In the 16 years he lived after his retirement in 1956, Robinson pushed baseball to hire blacks as managers and executives and even refused an invitation to participate in the 1969 Old Timers game because he did not yet see "genuine interest in breaking the barriers that deny access to managerial and front office positions." At his final public appearance, throwing the ceremonial first pitch before Game Two of the 1972 World Series, shortly before he died, Robinson accepted a plaque honoring the 25th anniversary of his MLB debut, then observed: "I'm going to be tremendously more pleased and more proud when I look at that third base coaching line one day and see a black face managing in baseball."
No major league team had a black manager until Frank Robinson was hired by the Cleveland Indians in 1975. The majors' first black general manager-the Atlanta Braves' Bill Lucas-wasn't hired until 1977.
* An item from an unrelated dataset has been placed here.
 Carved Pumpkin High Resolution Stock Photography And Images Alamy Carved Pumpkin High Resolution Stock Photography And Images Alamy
On opening day this month, 27 of MLB's 30 managers were white. There are only two black managers (Dave Roberts of the Dodgers and Dusty Baker of the Nationals) and one Latino manager (the Braves' Fredi Gonzalez). This is a big drop from the 10 managers of color who took the field in 2009.
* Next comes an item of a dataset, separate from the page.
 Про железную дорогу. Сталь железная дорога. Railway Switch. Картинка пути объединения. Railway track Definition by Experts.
Two people of color own Major League teams-Arturo Moreno, a Latino, who has owned the Los Angeles Angels since 2003, and basketball great Earvin "Magic" Johnson, who is part of the group that purchased the Los Angeles Dodgers in 2012. As the TIDES report documents, there are few African Americans, Latinos, or Asians among MLB teams' top management.
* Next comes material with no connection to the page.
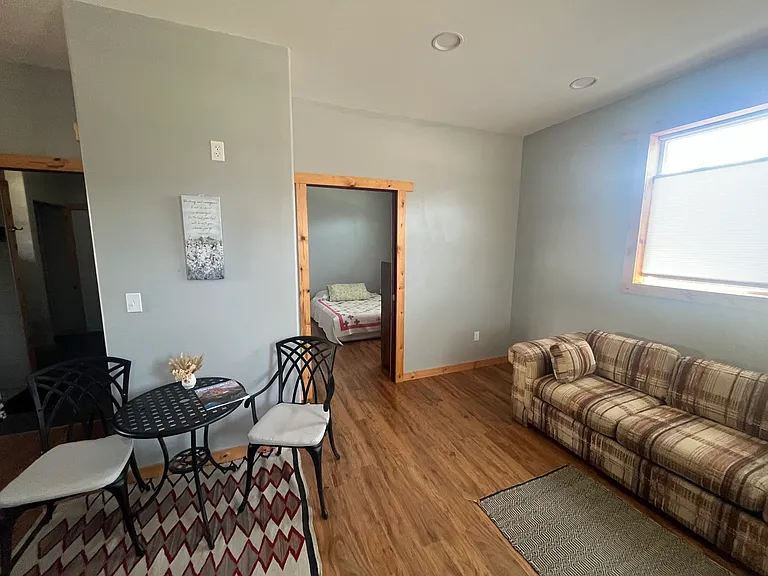 207 N Main St #B — Photo 4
Earlier this year, speaking with Ken Burns at a screening of his new film for TV critics, Jackie's widow Rachel Robinson echoed sentiments similar to those her husband expressed 44 years ago. She said: "There is a lot more that needs to be done and can be done" in terms of hiring and promoting people of color as managers and top executives in Major League Baseball.
Like baseball, American society-including our workplaces, Congress and other legislative bodies, friendships, and even families-is more integrated than it was in Robinson's day. But there is still an ongoing debate about the magnitude of racial progress, as measured by persistent residential segregation, a significantly higher poverty rate among blacks than whites, and widespread racism within our criminal justice and prison systems.
As Robinson understood, these inequities cannot be solved by individual effort alone. It also requires grassroots activism and protest to attain changes in government policy and business practices. Robinson's legacy reminds us of the unfinished agenda of the civil rights revolution and of the important role that movements play in moving the country closer to its ideals.
Correction: An earlier version of this article stated that Dusty Baker serves as manager for the Cincinnati Reds. In fact, he serves as manager for the Washington Nationals.